In 1955, the overhead line voltage of the Tatsuno to Tenryukyo section was increased to 1,500 V DC.

CTC signalling was commissioned on the line between 1983 and 1984, and freight services ceased in 1996.

===Former connecting lines===
- Hon-Nagashino Station: A 23 km line to Mikawa-Taguchi, electrified at 1,500 V DC, opened between 1930 and 1932. Two 762mm gauge forest railways connected to this line: the Damine forest railway, which connected at the station of the same name, consisted of a 19 km 'main line' (including a tunnel) and a 7 km branch, operated between 1932 and 1960; the Taguchi forest railway connected at the terminus station, consisted of a 10 km 'main line' and a 6 km branch, operated between 1934 and 1963. Both forest railways were notable for initially employing people and "large dogs" to haul the empty wagons upgrade, which then rolled downhill when loaded.
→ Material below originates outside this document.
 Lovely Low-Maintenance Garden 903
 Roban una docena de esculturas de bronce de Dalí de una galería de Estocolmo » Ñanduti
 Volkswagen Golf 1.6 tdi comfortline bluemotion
The Mikawa-Taguchi line closed following flood damage in 1968.

===Proposed connecting line===
- Chubu-Tenryu Station: Construction started on a 35 km line to Tenryu-Futamata on the Hamanako Line in 1967. Proposed to involve 20 bridges and 14 tunnels, about 13 km of roadbed, and about 50% of the overall work had been completed when construction was abandoned in 1980.